What the exercise asks
Consider the listing below. Extract exactly the lines from the line containing "This slide is" to the line containing "Okay hello, I'm", both included.

[[ Dataset extract, beginning ]]

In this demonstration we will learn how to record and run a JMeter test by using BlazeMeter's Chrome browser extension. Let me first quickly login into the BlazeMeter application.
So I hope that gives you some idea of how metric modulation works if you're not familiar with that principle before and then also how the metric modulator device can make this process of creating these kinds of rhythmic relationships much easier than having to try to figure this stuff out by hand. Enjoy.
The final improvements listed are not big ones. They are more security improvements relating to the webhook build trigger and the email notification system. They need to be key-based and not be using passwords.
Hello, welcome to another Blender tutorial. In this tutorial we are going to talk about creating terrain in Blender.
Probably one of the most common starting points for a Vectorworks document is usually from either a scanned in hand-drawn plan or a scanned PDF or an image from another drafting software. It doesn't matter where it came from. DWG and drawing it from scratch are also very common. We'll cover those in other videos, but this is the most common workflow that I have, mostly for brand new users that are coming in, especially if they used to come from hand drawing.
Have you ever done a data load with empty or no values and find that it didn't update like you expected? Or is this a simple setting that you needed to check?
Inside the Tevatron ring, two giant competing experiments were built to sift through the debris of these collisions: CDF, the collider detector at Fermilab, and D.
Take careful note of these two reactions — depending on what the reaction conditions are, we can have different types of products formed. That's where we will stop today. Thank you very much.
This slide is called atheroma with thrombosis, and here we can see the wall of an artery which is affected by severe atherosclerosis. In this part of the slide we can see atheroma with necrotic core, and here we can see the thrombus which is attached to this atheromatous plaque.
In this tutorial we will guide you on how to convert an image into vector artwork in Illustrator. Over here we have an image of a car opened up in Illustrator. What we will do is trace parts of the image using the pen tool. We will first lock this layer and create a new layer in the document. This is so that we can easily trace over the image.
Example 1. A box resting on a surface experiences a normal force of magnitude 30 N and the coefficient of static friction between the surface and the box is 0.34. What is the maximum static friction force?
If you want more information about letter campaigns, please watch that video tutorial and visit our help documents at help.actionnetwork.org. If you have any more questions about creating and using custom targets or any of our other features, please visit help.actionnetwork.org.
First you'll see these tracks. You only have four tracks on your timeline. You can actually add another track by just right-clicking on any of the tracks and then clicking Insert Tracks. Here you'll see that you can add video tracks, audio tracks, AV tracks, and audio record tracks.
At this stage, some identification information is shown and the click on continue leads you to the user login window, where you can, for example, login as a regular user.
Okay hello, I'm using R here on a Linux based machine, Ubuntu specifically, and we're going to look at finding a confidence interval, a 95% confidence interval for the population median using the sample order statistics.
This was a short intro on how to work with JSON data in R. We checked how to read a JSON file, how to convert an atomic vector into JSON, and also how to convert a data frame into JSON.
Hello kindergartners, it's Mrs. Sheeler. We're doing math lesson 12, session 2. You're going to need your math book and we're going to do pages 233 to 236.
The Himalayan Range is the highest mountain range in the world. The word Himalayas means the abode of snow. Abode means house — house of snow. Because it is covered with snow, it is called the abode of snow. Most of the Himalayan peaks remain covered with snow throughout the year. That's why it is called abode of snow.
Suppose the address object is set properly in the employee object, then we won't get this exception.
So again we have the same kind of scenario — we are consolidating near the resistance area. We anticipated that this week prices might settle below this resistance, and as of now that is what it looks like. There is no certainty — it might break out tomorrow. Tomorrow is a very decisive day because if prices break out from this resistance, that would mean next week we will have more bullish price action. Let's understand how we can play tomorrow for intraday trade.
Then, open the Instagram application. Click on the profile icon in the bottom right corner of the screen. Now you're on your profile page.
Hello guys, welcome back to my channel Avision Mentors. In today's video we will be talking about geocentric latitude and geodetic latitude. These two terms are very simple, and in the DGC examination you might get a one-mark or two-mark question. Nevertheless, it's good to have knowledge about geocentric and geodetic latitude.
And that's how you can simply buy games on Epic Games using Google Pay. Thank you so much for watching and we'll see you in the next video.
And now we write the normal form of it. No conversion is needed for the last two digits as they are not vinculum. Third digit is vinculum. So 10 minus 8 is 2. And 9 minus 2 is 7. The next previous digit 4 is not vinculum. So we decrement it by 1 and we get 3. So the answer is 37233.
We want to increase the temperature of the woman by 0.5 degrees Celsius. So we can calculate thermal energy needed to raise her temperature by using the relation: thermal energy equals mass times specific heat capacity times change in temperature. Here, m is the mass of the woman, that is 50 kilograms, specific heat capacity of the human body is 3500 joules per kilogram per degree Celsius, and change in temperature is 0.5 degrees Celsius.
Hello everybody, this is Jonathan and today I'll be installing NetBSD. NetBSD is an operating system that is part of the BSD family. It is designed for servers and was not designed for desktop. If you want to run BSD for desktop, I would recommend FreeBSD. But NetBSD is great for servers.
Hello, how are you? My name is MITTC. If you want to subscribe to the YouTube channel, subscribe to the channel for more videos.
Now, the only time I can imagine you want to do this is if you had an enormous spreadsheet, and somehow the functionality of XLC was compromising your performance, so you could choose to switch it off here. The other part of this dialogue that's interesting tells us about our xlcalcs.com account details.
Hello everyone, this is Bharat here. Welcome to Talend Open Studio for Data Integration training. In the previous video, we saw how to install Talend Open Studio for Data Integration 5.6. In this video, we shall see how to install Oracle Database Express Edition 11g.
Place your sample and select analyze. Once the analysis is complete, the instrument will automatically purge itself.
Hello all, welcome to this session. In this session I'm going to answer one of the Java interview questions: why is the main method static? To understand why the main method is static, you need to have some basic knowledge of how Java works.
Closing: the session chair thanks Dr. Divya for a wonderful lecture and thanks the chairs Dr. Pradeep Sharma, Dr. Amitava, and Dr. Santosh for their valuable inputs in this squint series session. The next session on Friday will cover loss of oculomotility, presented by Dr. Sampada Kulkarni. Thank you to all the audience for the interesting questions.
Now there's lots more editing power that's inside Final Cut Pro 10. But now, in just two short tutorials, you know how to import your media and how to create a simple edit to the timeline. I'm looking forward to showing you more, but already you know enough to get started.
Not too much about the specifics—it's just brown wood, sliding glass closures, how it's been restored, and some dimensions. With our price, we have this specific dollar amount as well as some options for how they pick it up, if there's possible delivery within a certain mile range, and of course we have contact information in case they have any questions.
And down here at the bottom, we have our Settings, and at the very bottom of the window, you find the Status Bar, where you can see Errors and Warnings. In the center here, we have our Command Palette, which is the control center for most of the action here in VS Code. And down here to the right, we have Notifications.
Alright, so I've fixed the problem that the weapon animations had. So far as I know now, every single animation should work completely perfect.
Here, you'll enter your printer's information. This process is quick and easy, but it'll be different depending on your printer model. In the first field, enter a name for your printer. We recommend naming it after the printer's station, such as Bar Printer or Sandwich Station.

[[ Dataset extract, end ]]

Exercise response
This slide is called atheroma with thrombosis, and here we can see the wall of an artery which is affected by severe atherosclerosis. In this part of the slide we can see atheroma with necrotic core, and here we can see the thrombus which is attached to this atheromatous plaque.
In this tutorial we will guide you on how to convert an image into vector artwork in Illustrator. Over here we have an image of a car opened up in Illustrator. What we will do is trace parts of the image using the pen tool. We will first lock this layer and create a new layer in the document. This is so that we can easily trace over the image.
Example 1. A box resting on a surface experiences a normal force of magnitude 30 N and the coefficient of static friction between the surface and the box is 0.34. What is the maximum static friction force?
If you want more information about letter campaigns, please watch that video tutorial and visit our help documents at help.actionnetwork.org. If you have any more questions about creating and using custom targets or any of our other features, please visit help.actionnetwork.org.
First you'll see these tracks. You only have four tracks on your timeline. You can actually add another track by just right-clicking on any of the tracks and then clicking Insert Tracks. Here you'll see that you can add video tracks, audio tracks, AV tracks, and audio record tracks.
At this stage, some identification information is shown and the click on continue leads you to the user login window, where you can, for example, login as a regular user.
Okay hello, I'm using R here on a Linux based machine, Ubuntu specifically, and we're going to look at finding a confidence interval, a 95% confidence interval for the population median using the sample order statistics.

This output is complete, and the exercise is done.